- [Activity]:
Search the listing below for the line with "1997-98 Pacific Invincible", then write out that line and every one after it exactly, without the pictures.

- [Provided material]:
________

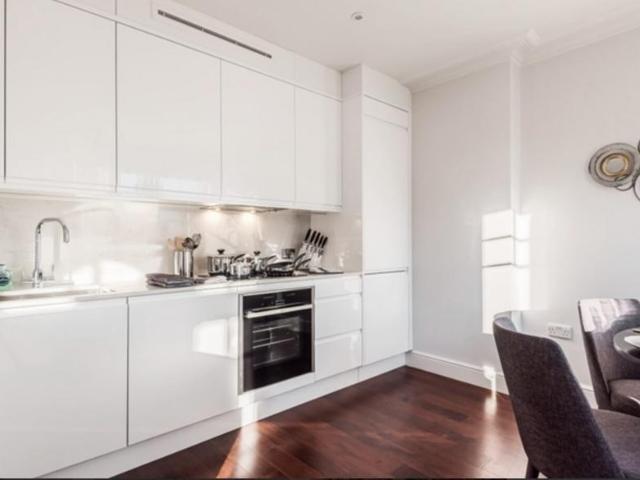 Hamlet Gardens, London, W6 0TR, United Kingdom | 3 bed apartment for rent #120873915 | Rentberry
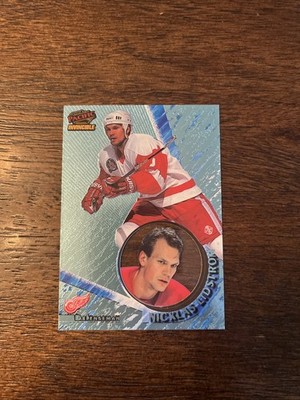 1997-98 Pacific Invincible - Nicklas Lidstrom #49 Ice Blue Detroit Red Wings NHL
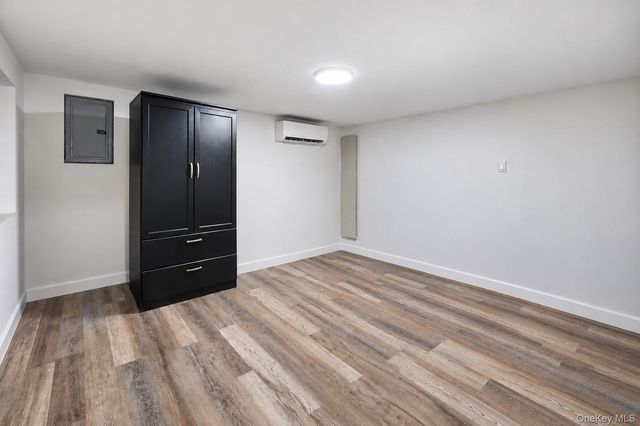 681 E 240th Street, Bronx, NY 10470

________

- [Exercise output]:
 1997-98 Pacific Invincible - Nicklas Lidstrom #49 Ice Blue Detroit Red Wings NHL
 681 E 240th Street, Bronx, NY 10470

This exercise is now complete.